Assignment: Reproduce the data below line by line, from its first line to the line with "A woman is pepper-sprayed", both included, and nothing past that point.

*** Opening Dataset entries ***

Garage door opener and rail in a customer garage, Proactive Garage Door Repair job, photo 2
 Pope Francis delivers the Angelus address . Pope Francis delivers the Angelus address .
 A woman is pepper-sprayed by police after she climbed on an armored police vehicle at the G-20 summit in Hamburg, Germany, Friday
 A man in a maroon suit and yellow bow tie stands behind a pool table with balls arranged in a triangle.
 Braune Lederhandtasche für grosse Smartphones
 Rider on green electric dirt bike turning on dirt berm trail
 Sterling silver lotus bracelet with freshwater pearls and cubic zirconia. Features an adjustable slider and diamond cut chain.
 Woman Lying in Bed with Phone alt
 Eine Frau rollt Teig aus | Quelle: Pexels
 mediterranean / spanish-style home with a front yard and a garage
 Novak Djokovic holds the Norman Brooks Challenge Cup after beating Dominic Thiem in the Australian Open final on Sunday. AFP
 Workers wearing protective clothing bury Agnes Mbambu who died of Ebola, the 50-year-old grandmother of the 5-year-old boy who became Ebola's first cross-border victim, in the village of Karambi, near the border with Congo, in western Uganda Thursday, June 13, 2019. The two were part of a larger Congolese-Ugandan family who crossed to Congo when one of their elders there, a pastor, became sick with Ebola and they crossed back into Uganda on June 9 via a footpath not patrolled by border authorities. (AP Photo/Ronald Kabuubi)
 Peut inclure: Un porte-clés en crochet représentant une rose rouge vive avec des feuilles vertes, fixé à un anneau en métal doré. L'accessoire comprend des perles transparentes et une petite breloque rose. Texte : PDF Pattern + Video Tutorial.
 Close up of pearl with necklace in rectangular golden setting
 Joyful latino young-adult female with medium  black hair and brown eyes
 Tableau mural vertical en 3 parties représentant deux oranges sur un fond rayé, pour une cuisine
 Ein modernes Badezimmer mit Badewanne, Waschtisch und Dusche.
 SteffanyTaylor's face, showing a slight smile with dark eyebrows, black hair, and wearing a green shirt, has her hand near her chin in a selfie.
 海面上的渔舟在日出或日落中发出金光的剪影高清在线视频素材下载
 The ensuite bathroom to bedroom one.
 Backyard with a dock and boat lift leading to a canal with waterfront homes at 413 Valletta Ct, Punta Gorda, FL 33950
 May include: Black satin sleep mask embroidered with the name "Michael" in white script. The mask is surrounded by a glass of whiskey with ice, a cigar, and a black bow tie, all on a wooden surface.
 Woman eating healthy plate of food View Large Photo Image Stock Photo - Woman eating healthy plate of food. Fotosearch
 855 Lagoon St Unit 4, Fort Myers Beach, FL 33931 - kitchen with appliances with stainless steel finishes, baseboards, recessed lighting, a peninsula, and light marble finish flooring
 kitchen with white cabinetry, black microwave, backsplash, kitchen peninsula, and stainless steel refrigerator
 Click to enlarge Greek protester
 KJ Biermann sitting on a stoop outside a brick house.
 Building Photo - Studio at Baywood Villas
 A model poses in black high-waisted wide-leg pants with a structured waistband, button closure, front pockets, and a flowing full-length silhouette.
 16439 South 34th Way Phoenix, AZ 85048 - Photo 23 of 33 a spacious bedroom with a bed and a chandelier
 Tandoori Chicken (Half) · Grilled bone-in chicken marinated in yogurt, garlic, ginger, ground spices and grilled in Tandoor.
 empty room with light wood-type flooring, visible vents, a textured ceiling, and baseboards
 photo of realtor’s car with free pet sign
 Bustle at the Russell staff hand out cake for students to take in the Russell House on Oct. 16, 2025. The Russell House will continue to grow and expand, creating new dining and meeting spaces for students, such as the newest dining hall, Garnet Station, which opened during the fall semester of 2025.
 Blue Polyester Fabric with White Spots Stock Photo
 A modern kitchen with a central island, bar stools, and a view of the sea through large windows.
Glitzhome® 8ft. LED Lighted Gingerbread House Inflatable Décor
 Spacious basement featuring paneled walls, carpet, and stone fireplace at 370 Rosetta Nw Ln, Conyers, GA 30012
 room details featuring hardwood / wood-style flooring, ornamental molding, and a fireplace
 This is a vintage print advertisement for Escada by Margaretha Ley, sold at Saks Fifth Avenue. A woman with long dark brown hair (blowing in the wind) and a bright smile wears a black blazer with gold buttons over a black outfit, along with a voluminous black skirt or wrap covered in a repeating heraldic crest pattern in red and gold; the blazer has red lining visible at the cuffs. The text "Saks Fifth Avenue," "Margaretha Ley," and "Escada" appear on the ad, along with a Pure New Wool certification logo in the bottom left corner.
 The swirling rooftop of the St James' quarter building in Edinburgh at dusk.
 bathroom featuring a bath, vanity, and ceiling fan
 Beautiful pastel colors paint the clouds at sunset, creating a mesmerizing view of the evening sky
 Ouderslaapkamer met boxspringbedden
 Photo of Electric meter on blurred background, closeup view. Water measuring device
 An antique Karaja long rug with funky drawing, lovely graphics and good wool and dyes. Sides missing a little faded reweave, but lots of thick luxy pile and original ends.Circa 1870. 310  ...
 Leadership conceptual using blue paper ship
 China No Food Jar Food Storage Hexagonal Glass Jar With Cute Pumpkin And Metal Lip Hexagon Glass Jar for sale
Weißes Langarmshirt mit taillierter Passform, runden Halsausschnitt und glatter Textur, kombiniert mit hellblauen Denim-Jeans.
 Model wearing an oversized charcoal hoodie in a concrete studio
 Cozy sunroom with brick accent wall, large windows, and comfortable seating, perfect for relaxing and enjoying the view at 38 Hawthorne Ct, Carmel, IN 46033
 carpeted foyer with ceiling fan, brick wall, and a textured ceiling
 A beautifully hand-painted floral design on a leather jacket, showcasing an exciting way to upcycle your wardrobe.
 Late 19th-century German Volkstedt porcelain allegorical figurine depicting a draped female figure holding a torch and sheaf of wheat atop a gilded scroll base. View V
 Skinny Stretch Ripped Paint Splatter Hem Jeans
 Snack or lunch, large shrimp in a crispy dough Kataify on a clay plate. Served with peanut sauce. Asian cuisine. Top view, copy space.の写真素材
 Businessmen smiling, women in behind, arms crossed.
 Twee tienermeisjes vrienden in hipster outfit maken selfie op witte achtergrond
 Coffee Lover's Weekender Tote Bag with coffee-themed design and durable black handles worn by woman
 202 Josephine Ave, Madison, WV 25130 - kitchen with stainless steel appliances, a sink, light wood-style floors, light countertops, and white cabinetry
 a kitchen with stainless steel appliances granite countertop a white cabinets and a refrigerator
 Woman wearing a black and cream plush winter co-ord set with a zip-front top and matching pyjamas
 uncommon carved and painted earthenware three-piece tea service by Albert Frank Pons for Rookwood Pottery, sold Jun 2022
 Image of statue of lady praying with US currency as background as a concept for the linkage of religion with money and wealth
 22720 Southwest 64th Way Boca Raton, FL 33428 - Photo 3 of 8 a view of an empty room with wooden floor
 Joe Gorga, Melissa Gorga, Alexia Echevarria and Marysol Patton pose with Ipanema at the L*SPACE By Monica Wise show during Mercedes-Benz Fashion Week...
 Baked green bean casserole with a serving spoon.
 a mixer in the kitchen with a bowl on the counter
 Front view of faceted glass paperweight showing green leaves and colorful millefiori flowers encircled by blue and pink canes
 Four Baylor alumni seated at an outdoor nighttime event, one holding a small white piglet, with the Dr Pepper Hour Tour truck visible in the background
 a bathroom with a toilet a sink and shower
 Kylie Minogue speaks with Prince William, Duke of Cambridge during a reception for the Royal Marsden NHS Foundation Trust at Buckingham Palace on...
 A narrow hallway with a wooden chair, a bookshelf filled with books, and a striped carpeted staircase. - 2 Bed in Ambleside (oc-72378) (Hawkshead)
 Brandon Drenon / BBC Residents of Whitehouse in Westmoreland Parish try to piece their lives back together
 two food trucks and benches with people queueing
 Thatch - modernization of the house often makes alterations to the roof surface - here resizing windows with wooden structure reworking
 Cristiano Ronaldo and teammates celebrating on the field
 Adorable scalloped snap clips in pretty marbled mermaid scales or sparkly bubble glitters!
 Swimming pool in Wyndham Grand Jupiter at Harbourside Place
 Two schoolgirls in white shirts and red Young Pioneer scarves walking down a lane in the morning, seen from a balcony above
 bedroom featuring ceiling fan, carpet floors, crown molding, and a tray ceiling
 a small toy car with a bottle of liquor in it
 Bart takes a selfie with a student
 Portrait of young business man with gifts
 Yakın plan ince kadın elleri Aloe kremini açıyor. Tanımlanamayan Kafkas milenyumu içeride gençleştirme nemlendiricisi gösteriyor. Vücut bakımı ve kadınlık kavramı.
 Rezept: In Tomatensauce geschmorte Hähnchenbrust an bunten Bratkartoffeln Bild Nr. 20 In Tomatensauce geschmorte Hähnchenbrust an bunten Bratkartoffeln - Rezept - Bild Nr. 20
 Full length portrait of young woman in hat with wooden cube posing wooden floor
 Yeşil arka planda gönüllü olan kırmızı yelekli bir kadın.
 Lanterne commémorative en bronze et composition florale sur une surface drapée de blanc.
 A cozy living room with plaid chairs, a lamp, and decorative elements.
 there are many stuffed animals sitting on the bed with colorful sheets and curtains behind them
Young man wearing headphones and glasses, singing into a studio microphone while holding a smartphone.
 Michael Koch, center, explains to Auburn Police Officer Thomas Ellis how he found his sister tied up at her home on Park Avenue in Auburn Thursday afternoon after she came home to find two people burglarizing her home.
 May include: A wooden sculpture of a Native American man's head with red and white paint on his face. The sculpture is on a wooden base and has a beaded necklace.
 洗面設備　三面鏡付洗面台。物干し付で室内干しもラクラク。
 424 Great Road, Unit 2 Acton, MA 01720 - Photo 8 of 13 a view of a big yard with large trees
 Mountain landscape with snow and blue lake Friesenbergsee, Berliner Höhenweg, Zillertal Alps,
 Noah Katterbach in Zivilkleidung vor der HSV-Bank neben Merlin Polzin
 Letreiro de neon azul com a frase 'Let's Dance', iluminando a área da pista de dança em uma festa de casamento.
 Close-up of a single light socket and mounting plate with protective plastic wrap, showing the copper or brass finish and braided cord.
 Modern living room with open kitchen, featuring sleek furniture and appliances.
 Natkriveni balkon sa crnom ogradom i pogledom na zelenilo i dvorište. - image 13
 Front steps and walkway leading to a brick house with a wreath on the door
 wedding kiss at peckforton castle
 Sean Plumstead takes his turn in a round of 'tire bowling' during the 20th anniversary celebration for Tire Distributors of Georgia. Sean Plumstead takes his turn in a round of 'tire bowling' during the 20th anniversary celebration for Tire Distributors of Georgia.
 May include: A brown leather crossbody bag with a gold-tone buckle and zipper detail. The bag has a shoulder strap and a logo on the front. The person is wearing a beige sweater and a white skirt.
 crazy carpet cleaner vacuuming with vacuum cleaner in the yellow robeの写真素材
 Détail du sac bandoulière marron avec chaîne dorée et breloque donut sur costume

*** Closing Dataset entries ***

Exercise answer:
Garage door opener and rail in a customer garage, Proactive Garage Door Repair job, photo 2
 Pope Francis delivers the Angelus address . Pope Francis delivers the Angelus address .
 A woman is pepper-sprayed by police after she climbed on an armored police vehicle at the G-20 summit in Hamburg, Germany, Friday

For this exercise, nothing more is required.